§ Task prompt
Write out, without any change, the lines in the material below that run from the line with "Midnight Bloom Blumen" through the line with "DREAME HAIR MINI", both included.

§ Raw data
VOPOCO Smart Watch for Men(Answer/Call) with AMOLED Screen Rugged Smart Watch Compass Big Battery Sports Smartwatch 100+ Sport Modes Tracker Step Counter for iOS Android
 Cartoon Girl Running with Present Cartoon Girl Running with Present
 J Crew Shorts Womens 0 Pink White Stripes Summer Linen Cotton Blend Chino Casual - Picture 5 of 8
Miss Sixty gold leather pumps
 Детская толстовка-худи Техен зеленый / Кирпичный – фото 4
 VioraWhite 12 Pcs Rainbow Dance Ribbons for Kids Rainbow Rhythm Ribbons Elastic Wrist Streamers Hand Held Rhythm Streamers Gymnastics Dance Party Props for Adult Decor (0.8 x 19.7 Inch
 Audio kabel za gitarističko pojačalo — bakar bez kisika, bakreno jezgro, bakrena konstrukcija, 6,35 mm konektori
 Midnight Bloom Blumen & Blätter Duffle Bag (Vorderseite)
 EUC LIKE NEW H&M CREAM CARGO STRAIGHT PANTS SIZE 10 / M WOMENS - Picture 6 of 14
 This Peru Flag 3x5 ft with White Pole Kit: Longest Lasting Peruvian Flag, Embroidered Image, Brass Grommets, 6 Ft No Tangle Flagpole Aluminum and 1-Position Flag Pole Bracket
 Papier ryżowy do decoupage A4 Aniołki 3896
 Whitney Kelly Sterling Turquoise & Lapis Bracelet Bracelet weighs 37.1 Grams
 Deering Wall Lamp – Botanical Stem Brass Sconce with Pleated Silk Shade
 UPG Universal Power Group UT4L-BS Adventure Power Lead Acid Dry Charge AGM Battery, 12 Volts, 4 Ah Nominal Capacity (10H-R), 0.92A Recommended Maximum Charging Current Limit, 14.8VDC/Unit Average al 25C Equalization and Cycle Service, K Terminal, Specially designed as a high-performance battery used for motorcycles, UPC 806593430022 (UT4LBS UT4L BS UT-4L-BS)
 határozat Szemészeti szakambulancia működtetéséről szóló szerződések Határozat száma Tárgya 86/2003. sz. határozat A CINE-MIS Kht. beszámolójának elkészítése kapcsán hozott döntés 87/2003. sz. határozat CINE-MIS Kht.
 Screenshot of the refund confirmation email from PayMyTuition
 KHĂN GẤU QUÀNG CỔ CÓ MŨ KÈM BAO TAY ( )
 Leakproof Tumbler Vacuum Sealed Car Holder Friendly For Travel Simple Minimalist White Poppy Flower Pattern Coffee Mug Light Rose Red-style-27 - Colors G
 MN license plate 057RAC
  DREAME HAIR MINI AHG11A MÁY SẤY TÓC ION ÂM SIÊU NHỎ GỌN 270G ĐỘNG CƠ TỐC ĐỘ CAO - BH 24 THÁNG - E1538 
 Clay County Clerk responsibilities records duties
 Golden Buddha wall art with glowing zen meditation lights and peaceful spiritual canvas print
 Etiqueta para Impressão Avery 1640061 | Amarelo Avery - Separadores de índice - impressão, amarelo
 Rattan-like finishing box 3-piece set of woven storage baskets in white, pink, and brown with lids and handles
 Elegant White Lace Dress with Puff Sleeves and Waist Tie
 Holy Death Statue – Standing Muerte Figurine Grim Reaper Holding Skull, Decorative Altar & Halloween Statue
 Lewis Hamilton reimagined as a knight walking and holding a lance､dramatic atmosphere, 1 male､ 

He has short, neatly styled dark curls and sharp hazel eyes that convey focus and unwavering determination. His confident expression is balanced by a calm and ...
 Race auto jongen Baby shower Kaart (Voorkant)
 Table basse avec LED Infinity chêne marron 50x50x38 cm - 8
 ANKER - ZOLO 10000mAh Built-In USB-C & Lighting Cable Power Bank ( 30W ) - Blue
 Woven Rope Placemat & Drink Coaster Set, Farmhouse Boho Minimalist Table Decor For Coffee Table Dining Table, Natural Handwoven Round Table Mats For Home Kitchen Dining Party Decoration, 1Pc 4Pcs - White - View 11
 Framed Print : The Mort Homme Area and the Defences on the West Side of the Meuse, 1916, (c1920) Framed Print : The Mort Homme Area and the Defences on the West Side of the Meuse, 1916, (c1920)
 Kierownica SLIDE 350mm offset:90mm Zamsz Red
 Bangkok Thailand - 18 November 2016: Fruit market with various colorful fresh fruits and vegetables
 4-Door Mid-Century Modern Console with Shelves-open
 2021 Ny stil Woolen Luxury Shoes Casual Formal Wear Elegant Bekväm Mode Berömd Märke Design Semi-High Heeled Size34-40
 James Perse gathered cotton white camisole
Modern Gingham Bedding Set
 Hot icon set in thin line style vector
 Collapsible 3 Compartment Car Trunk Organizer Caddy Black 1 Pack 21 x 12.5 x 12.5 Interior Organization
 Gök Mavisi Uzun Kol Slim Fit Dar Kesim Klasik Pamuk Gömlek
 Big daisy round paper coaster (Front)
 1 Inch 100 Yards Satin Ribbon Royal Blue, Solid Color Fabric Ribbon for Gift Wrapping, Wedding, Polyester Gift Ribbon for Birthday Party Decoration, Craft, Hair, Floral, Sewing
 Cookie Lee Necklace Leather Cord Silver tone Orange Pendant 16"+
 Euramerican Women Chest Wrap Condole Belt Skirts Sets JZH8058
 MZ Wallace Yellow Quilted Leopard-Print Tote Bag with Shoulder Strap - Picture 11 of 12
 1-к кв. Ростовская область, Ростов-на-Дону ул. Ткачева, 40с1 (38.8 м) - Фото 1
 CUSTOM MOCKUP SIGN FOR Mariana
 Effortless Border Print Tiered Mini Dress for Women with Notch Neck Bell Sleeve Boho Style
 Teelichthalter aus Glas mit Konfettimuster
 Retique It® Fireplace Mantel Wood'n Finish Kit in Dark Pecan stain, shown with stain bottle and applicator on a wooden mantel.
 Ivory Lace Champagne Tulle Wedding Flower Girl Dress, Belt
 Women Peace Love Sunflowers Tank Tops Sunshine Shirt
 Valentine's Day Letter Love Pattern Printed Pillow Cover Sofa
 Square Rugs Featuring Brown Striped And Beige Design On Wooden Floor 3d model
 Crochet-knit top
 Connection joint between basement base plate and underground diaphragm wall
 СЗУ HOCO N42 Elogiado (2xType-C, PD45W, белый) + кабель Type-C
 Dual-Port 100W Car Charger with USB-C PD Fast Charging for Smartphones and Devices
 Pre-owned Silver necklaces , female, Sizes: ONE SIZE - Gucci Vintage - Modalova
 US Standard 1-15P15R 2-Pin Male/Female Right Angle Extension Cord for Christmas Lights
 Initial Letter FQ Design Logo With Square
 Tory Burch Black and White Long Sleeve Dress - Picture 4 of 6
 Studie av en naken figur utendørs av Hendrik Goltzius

§ Your solution
 Midnight Bloom Blumen & Blätter Duffle Bag (Vorderseite)
 EUC LIKE NEW H&M CREAM CARGO STRAIGHT PANTS SIZE 10 / M WOMENS - Picture 6 of 14
 This Peru Flag 3x5 ft with White Pole Kit: Longest Lasting Peruvian Flag, Embroidered Image, Brass Grommets, 6 Ft No Tangle Flagpole Aluminum and 1-Position Flag Pole Bracket
 Papier ryżowy do decoupage A4 Aniołki 3896
 Whitney Kelly Sterling Turquoise & Lapis Bracelet Bracelet weighs 37.1 Grams
 Deering Wall Lamp – Botanical Stem Brass Sconce with Pleated Silk Shade
 UPG Universal Power Group UT4L-BS Adventure Power Lead Acid Dry Charge AGM Battery, 12 Volts, 4 Ah Nominal Capacity (10H-R), 0.92A Recommended Maximum Charging Current Limit, 14.8VDC/Unit Average al 25C Equalization and Cycle Service, K Terminal, Specially designed as a high-performance battery used for motorcycles, UPC 806593430022 (UT4LBS UT4L BS UT-4L-BS)
 határozat Szemészeti szakambulancia működtetéséről szóló szerződések Határozat száma Tárgya 86/2003. sz. határozat A CINE-MIS Kht. beszámolójának elkészítése kapcsán hozott döntés 87/2003. sz. határozat CINE-MIS Kht.
 Screenshot of the refund confirmation email from PayMyTuition
 KHĂN GẤU QUÀNG CỔ CÓ MŨ KÈM BAO TAY ( )
 Leakproof Tumbler Vacuum Sealed Car Holder Friendly For Travel Simple Minimalist White Poppy Flower Pattern Coffee Mug Light Rose Red-style-27 - Colors G
 MN license plate 057RAC
  DREAME HAIR MINI AHG11A MÁY SẤY TÓC ION ÂM SIÊU NHỎ GỌN 270G ĐỘNG CƠ TỐC ĐỘ CAO - BH 24 THÁNG - E1538 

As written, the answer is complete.